Addressing our own need for some calm and energetic restoration as a cultural practicioners, we decided this year to create a safe space for open and honest conversations about our work and future trajectories. It was a pause for reflection on accomplishments, an opportunity to share doubts and anxieties, and a space to find strength and support in one another.
We extended invitations to a remarkable group of Mexican and International female curators, managers and artists. Together, we experienced meaningful moments and gained insights into each other's work. The profound mutual support and solidarity were both overwhelming and gratifying. A heartfelt thanks to the participants!

It is so rare to get the chance to enter a place so powerful that it demands not just break and disconnection from the everyday, but which fosters healing and connection on a deeper level, with oneself, with others, with nature, and with the passion for what we do and why we do it. Rancho Sarah in Sian Ka’an, Tulum is such a place.

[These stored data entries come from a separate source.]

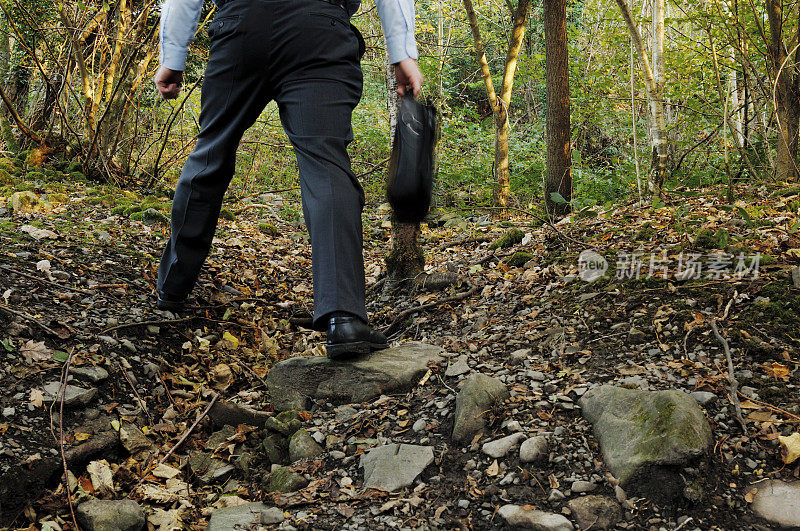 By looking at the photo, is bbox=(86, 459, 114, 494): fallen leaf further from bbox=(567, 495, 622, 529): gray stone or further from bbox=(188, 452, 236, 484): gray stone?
bbox=(567, 495, 622, 529): gray stone

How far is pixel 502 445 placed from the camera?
1901 millimetres

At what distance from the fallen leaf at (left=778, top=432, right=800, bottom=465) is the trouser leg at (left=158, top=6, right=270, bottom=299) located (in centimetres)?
230

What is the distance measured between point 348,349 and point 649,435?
1174mm

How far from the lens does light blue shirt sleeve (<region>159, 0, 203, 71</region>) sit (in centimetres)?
255

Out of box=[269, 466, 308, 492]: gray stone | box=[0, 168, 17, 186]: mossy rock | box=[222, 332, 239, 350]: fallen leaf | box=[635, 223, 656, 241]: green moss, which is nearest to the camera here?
box=[269, 466, 308, 492]: gray stone

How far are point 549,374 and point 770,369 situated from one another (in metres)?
0.76

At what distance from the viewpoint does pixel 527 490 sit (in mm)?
1730

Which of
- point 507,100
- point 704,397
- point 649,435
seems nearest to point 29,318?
point 649,435

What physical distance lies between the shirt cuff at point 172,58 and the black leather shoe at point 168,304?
3.77 feet

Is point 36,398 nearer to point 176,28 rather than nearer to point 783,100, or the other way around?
point 176,28

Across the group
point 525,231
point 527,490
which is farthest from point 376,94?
point 527,490

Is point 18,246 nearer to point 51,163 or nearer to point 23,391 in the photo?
point 23,391

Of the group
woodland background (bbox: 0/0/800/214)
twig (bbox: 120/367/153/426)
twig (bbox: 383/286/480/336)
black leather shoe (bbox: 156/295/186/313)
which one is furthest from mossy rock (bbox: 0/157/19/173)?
twig (bbox: 383/286/480/336)

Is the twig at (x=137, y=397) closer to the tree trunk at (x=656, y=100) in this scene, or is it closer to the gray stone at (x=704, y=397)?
the gray stone at (x=704, y=397) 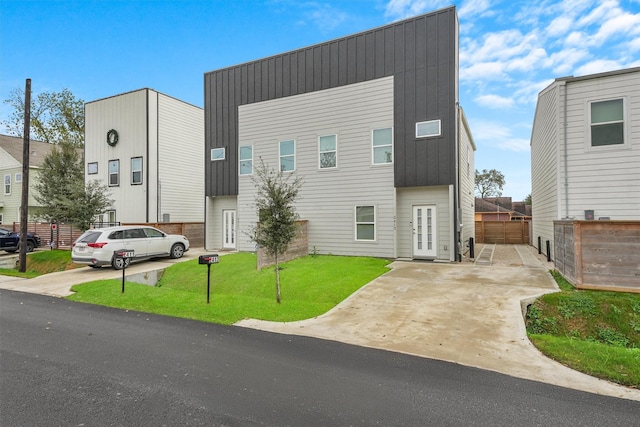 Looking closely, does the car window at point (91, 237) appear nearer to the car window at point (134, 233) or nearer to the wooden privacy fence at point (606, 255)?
the car window at point (134, 233)

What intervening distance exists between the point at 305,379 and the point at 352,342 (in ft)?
4.67

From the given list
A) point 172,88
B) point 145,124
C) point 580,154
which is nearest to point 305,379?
point 580,154

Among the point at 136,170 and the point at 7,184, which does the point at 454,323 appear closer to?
the point at 136,170

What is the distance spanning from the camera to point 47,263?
→ 50.1 feet

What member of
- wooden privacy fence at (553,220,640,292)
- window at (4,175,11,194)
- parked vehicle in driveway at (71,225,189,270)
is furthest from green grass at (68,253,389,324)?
window at (4,175,11,194)

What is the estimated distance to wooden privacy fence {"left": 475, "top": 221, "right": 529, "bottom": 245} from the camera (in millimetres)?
20453

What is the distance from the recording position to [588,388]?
140 inches

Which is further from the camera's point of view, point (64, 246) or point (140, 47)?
point (64, 246)

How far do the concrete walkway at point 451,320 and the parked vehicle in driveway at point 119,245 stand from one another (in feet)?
5.26

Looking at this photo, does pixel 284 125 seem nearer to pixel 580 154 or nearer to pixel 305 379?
pixel 580 154

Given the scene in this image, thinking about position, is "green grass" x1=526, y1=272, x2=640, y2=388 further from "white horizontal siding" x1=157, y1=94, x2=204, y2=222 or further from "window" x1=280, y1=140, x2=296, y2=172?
"white horizontal siding" x1=157, y1=94, x2=204, y2=222

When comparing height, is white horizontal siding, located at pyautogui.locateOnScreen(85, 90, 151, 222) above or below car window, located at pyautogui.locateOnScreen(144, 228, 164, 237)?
above

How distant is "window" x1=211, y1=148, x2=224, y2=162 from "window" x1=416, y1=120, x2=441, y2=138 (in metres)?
9.65

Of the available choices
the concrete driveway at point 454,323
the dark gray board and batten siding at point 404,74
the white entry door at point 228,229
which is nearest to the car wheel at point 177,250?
the white entry door at point 228,229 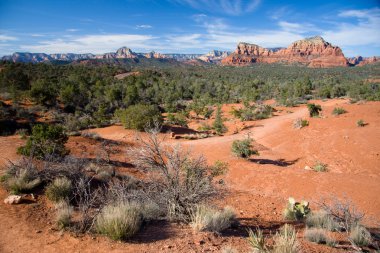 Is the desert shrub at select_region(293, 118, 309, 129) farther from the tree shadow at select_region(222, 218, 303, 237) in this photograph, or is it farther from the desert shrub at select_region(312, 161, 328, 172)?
the tree shadow at select_region(222, 218, 303, 237)

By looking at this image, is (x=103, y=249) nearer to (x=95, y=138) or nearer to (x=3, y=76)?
(x=95, y=138)

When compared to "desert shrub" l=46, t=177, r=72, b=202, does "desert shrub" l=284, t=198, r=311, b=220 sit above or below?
below

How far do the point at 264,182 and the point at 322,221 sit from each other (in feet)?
19.1

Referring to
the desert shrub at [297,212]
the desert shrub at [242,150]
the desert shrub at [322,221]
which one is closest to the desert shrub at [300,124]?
the desert shrub at [242,150]

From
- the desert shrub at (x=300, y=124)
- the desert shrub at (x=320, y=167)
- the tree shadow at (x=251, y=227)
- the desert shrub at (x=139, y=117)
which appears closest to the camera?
the tree shadow at (x=251, y=227)

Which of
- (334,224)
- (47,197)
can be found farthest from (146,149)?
(334,224)

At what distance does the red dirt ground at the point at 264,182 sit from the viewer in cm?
509

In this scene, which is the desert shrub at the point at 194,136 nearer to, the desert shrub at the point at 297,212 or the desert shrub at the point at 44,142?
the desert shrub at the point at 44,142

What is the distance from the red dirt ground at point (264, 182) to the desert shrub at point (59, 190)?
0.94 feet

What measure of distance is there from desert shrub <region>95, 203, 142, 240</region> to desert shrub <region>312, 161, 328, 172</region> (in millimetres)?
12141

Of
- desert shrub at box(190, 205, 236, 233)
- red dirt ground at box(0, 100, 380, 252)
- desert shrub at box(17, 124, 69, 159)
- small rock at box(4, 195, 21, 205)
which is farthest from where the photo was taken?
desert shrub at box(17, 124, 69, 159)

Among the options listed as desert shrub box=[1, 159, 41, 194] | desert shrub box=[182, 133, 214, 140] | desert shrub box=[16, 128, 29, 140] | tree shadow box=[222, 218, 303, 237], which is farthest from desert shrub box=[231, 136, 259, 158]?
desert shrub box=[16, 128, 29, 140]

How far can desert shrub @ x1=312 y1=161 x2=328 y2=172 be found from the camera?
47.8 feet

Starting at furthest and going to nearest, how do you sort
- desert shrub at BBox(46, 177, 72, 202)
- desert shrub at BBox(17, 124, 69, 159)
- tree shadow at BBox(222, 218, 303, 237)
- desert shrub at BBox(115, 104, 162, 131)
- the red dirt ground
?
desert shrub at BBox(115, 104, 162, 131)
desert shrub at BBox(17, 124, 69, 159)
desert shrub at BBox(46, 177, 72, 202)
tree shadow at BBox(222, 218, 303, 237)
the red dirt ground
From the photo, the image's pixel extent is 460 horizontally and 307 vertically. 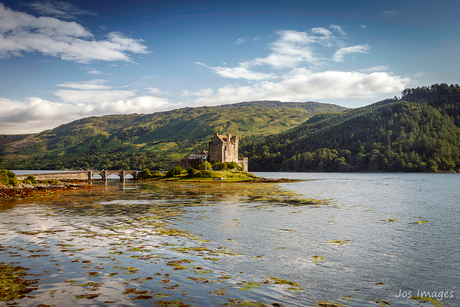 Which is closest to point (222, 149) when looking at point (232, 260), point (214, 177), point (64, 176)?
point (214, 177)

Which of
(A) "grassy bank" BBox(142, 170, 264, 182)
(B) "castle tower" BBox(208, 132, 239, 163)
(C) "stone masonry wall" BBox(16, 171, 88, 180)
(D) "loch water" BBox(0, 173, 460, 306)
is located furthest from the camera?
(B) "castle tower" BBox(208, 132, 239, 163)

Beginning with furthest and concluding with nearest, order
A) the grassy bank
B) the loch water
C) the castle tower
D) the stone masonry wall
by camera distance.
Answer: the castle tower → the grassy bank → the stone masonry wall → the loch water

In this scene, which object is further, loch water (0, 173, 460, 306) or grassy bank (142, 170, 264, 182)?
grassy bank (142, 170, 264, 182)

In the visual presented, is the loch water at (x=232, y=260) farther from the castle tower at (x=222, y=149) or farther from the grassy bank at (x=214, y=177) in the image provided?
the castle tower at (x=222, y=149)

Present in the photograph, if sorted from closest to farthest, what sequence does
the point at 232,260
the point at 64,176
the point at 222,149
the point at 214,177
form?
1. the point at 232,260
2. the point at 214,177
3. the point at 64,176
4. the point at 222,149

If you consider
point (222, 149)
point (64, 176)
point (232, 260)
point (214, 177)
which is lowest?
point (64, 176)

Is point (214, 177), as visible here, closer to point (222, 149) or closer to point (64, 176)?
point (222, 149)

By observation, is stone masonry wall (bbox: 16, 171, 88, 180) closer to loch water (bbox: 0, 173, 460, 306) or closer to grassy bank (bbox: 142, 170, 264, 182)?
grassy bank (bbox: 142, 170, 264, 182)

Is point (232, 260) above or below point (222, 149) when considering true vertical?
below

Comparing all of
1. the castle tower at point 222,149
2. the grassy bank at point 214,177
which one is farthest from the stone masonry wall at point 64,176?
the castle tower at point 222,149

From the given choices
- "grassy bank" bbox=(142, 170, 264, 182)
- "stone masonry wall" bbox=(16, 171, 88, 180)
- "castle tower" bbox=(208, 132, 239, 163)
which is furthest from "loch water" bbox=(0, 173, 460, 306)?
"castle tower" bbox=(208, 132, 239, 163)

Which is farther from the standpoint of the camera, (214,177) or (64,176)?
(64,176)

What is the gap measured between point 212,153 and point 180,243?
110606 mm

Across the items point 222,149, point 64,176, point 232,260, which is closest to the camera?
point 232,260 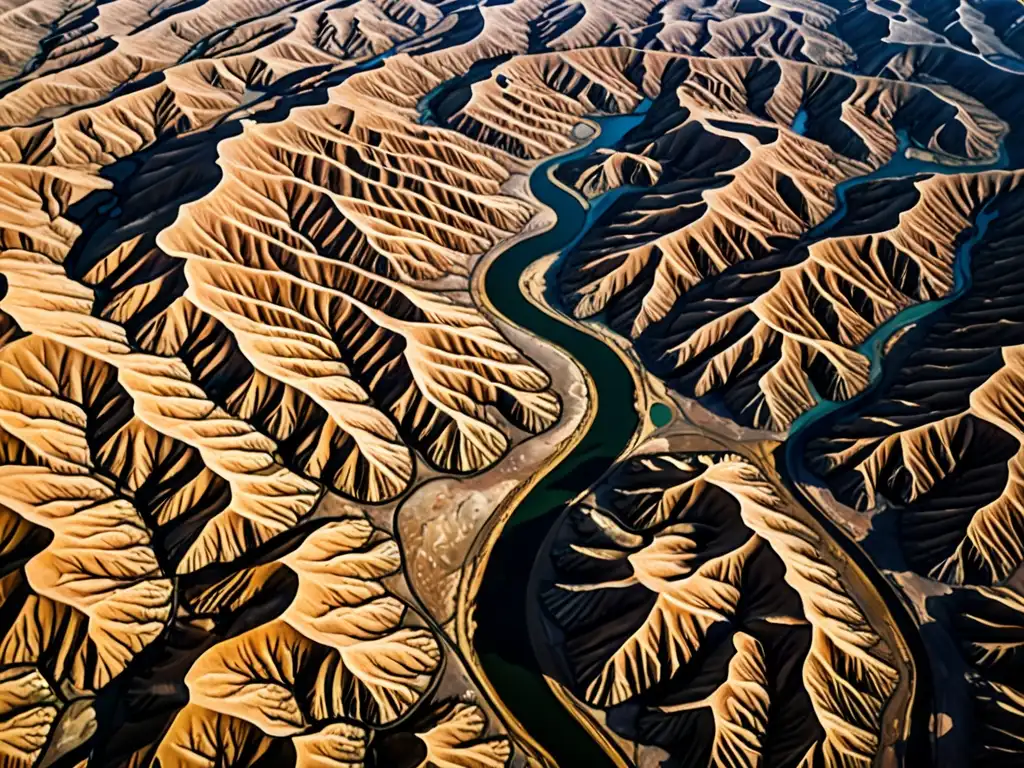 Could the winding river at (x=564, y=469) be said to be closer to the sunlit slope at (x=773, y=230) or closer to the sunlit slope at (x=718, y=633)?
the sunlit slope at (x=773, y=230)

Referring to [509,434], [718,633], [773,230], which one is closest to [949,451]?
[718,633]

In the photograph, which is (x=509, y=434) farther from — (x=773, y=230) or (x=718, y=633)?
(x=773, y=230)

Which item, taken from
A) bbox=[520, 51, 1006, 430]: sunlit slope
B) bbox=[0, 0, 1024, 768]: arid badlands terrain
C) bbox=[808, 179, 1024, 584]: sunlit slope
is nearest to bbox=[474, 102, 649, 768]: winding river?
bbox=[0, 0, 1024, 768]: arid badlands terrain

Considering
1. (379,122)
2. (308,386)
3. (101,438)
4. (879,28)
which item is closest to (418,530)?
(308,386)

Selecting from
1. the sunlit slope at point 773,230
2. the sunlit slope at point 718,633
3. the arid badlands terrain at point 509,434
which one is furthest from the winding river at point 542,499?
the sunlit slope at point 773,230

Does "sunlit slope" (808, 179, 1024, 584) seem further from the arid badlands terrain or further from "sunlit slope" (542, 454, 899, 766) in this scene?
"sunlit slope" (542, 454, 899, 766)

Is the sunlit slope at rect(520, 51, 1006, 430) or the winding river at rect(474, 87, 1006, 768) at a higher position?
the sunlit slope at rect(520, 51, 1006, 430) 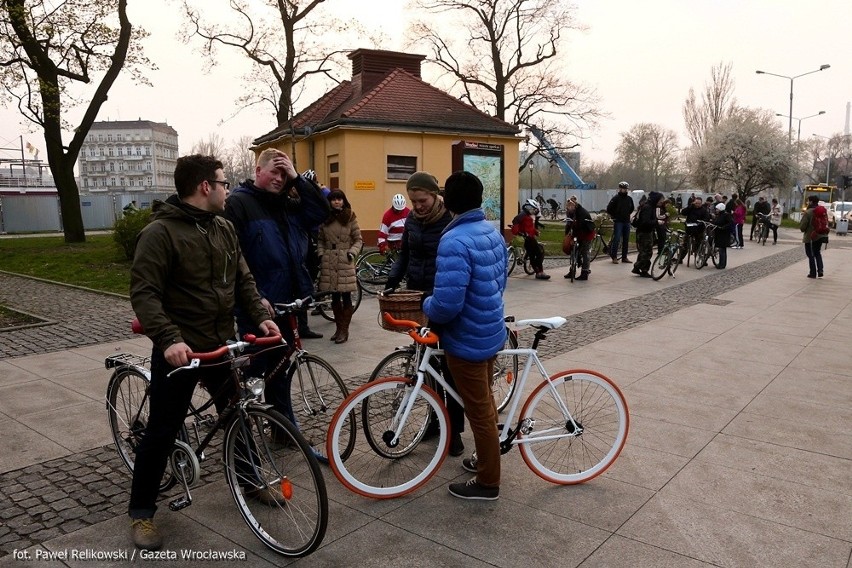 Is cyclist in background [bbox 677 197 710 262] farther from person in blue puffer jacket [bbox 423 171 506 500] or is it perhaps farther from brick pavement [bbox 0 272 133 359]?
person in blue puffer jacket [bbox 423 171 506 500]

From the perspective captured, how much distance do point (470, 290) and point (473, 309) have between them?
0.33 feet

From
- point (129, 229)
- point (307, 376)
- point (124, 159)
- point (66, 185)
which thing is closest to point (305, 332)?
point (307, 376)

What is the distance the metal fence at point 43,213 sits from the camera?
36.5 m

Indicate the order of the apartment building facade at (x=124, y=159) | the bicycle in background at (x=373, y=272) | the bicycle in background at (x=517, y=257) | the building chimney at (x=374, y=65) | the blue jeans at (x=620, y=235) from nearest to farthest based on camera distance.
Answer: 1. the bicycle in background at (x=373, y=272)
2. the bicycle in background at (x=517, y=257)
3. the blue jeans at (x=620, y=235)
4. the building chimney at (x=374, y=65)
5. the apartment building facade at (x=124, y=159)

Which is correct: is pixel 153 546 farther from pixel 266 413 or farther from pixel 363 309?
pixel 363 309

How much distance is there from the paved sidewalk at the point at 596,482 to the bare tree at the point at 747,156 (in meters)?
44.4

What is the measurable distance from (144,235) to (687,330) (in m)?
7.18

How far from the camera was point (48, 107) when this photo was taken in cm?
2178

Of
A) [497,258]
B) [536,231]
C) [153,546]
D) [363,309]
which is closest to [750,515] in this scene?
[497,258]

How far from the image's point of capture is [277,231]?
4.19 metres

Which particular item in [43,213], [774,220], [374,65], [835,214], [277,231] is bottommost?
[835,214]

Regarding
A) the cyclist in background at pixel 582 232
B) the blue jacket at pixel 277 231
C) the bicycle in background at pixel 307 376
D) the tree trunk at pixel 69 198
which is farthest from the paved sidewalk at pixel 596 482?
the tree trunk at pixel 69 198

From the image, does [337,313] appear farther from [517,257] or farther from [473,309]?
[517,257]

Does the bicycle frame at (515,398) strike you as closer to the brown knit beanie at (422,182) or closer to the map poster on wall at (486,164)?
the brown knit beanie at (422,182) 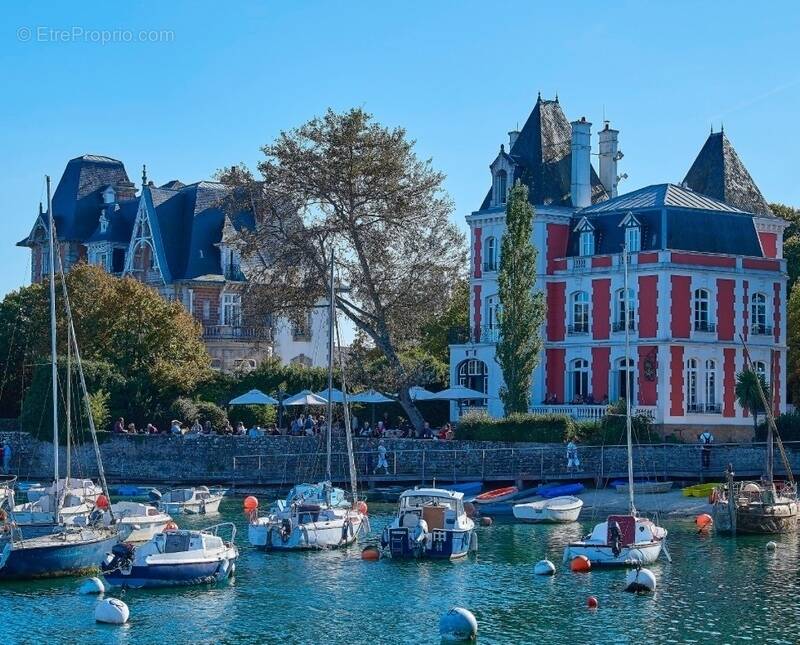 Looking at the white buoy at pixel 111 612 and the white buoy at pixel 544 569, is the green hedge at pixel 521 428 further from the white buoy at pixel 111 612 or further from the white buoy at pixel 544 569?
the white buoy at pixel 111 612

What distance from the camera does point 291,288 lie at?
77.3 metres

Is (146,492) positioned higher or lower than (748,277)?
lower

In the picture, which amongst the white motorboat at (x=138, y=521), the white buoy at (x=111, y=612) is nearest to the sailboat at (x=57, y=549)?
the white buoy at (x=111, y=612)

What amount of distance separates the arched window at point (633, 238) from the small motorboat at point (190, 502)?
2385 centimetres

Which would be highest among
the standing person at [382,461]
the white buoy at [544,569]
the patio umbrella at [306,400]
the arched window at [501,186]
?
the arched window at [501,186]

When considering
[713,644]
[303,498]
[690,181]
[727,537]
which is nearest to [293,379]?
[690,181]

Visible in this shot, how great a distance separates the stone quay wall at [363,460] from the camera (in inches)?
2689

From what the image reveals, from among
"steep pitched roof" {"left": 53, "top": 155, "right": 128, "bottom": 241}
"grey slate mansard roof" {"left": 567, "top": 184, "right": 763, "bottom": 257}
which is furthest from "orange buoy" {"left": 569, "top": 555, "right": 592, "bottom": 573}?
"steep pitched roof" {"left": 53, "top": 155, "right": 128, "bottom": 241}

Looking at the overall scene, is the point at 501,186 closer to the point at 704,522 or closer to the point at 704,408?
the point at 704,408

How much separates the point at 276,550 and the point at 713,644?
19.7 m

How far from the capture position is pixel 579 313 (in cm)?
7869

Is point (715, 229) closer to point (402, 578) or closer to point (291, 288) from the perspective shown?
point (291, 288)

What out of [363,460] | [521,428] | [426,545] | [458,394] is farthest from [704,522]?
[458,394]

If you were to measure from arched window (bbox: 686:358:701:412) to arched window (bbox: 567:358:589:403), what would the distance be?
543 cm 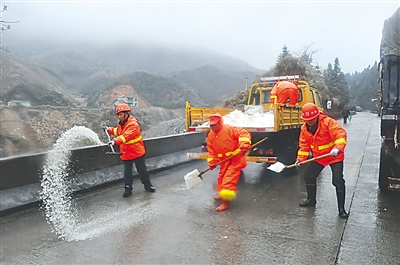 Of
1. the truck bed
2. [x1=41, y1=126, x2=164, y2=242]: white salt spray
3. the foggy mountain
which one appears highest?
the foggy mountain

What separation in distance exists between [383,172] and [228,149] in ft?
8.93

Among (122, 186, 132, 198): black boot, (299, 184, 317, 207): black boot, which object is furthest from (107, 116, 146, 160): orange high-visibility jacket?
(299, 184, 317, 207): black boot

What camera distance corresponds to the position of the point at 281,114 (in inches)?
267

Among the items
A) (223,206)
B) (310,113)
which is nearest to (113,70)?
(223,206)

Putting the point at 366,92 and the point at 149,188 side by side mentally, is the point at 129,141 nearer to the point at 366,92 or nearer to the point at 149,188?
the point at 149,188

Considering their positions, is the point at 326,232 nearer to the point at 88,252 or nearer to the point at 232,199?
the point at 232,199

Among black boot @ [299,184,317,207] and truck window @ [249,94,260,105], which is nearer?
black boot @ [299,184,317,207]

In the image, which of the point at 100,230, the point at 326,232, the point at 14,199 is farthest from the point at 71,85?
the point at 326,232

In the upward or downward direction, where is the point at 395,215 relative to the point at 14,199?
downward

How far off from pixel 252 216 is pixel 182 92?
1935 cm

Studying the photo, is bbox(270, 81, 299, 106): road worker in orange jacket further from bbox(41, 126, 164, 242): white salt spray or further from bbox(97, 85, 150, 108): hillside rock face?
bbox(97, 85, 150, 108): hillside rock face

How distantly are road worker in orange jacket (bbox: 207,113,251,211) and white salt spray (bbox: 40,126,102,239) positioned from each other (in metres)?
2.34

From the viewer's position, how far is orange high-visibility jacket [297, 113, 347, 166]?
482 centimetres

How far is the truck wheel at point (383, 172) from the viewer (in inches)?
227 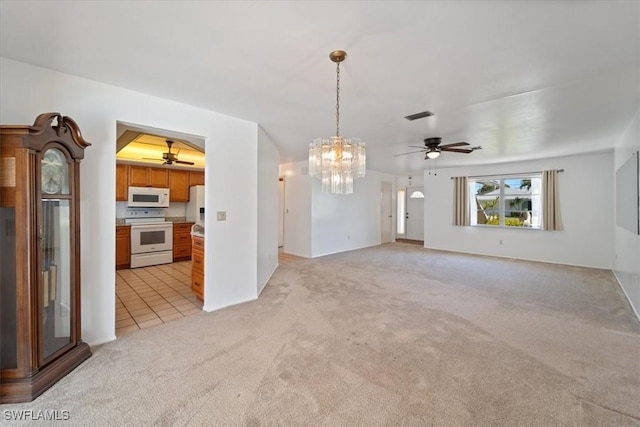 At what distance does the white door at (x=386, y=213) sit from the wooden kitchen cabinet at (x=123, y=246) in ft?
21.7

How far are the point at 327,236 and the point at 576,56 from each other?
529cm

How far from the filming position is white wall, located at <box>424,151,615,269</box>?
5289 mm

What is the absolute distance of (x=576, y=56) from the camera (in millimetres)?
1925

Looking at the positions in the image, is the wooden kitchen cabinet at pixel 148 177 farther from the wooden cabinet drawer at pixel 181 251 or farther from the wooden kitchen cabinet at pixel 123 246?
the wooden cabinet drawer at pixel 181 251

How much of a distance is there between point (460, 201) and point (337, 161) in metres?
5.79

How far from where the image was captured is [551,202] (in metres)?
5.77

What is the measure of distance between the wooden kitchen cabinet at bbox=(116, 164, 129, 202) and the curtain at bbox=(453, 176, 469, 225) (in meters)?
7.75

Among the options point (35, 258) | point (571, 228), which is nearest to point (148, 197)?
point (35, 258)

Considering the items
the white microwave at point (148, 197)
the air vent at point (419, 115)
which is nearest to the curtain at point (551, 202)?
Result: the air vent at point (419, 115)

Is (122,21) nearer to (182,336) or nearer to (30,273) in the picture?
(30,273)

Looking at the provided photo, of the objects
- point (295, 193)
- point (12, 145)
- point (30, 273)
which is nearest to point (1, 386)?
point (30, 273)

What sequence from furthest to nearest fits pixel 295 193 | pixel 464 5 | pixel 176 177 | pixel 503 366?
pixel 295 193 < pixel 176 177 < pixel 503 366 < pixel 464 5

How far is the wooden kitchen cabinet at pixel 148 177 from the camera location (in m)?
5.37

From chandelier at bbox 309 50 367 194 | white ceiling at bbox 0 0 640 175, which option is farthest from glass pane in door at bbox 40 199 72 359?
chandelier at bbox 309 50 367 194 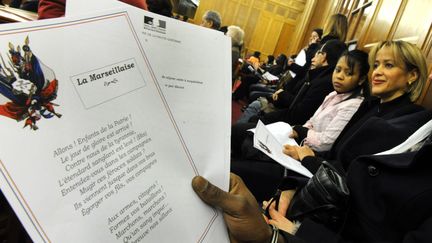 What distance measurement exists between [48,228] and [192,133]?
0.24 metres

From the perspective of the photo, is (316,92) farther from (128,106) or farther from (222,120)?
(128,106)

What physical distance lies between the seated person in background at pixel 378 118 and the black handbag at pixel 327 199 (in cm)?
21

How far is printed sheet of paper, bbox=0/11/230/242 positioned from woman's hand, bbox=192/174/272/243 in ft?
0.06

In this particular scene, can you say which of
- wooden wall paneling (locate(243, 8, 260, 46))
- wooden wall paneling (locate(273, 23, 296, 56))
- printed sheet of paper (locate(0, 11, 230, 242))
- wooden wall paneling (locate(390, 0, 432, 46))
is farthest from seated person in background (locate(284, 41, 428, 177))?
wooden wall paneling (locate(243, 8, 260, 46))

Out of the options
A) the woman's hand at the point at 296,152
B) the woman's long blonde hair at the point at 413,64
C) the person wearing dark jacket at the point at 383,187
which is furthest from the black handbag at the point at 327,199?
the woman's long blonde hair at the point at 413,64

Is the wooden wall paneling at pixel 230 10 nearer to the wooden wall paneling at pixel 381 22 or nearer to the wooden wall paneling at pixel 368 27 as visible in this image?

I feel incredibly grateful to have been included in the experience, which even over four short days lodged itself in me in a deep way. It connected me to a country, to a group of incredible women working in the arts, and to a spirit of joy, care, community and generosity that can get so easily forgotten in our industry. Thank you to Sally and Masha and to our whole group for such a vital and memorable experience!
- Leah Turner

There are a lot of elements that make the AKI AORA residency a truly special experience, but the one that felt the most valuable to me was how we treated time. I enjoy working with the quick pace of the arts sector, but it means that taking time - really fully taking it without the limit of a looming deadline, a set outcome, an expected respo2 dnse - is a very rare luxury that we may even forget we should long for. Creating a space that allows for gathering and conversation, that at the same time is somehow lifted out of the normal pace of cultural work, where exchanges are driven by curiosity to learn about another’s practice rather than a desire to formalize something right then and there, makes you sit with it - whatever it may be: an idea, questions, reflections on current past and future projects or just a hint of a feeling for something that had not yet fully presented itself. This practice of sitting with it, of letting something linger, to allow something to be present without immediately dissecting it, I believe, is the best thing to think better, bigger, or maybe differently. A sort of calm and natural confrontation with thinking within this community is a different sort of labour that brings with it a longevity of connection and ideas that has a solid feeling to it. Thank you for having me.